Die Erklärung passt. Bei den Beispielen, die ich bei Projekt Gutenberg gefunden habe, musste ich teilweise erst überlegen, wie es gemeint ist. Im ersten Moment denke ich fast immer, dass „erschrocken“ als Adjektiv gebraucht wird. Ich glaube, hier in Westfalen sagt niemand „Ich bin erschrocken“, wenn die Zustandsänderung gemeint ist (d. h. wenn die Bedeutung „Ich habe einen Schreck bekommen“ ist). Die übliche Form ist „Ich habe mich erschrocken“.


----------



## Gernot Back

Schlabberlatz said:


> Die übliche Form ist „Ich habe mich erschrocken“.

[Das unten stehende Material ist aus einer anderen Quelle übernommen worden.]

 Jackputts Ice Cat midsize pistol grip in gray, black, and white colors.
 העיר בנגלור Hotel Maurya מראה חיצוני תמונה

Die ist aber standardsprachlich falsch bzw. nur regional richtig.


----------



## Schlabberlatz

Gernot Back said:


> Die ist aber standardsprachlich falsch bzw. nur regional richtig.


Ja, das stand ja schon oben in #2 (dass es zur Umgangssprache gehört), und ich habe (in #15) dazugeschrieben: „hier in Westfalen“. Was sagt man denn in deiner Region?


----------



## JClaudeK

*P.S.*


JClaudeK said:


> wurde (noch) nicht zwischen _Hilfsverb_ und _Kopulaverb unterschieden .... _


..... sondern nur zwischen Vollverb und  Hilfsverb. Bei der Passivbildung galt und gilt "sein" immer noch als Hilfsverb.
Ich nehme also zur Kenntnis:


> Die Kopulaverben: sein, werden, bleiben
> Die Kopulaverben nehmen eine Stellung zwischen den Hilfsverben und den Vollverben ein


----------



## berndf

JClaudeK said:


> Bei der Passivbildung galt und gilt "sein" immer noch als Hilfsverb.


Genau darum geht es ja. Demiurg Meinung nach, der ich mich angeschlossen habe, handelt es sich bei _Er ist erschrocken _*nicht* um eine Passivbildung:


berndf said:


> Ein Zustand ist das schon, nur eben kein Zustands_passiv_. Ich sehe das so wie Demiurg, _erschrocken_ ist ein Verbaladjektiv.





berndf said:


> _Sein_ ist hier kein Hilfsverb sondern ein Kopulaverb, so wie in _Er ist grün_. Auch hier beschreibt _grün_ einen Zustand, es handelt sich aber nicht um einen Zustands_passiv_ und _sein_ ist auch kein Hilfsverb.


----------



## JClaudeK

berndf said:


> Genau darum geht es. Es ist keine Passivbildung: Ich sehe das so wie Demiurg, _erschrocken_ ist ein Verbaladjektiv.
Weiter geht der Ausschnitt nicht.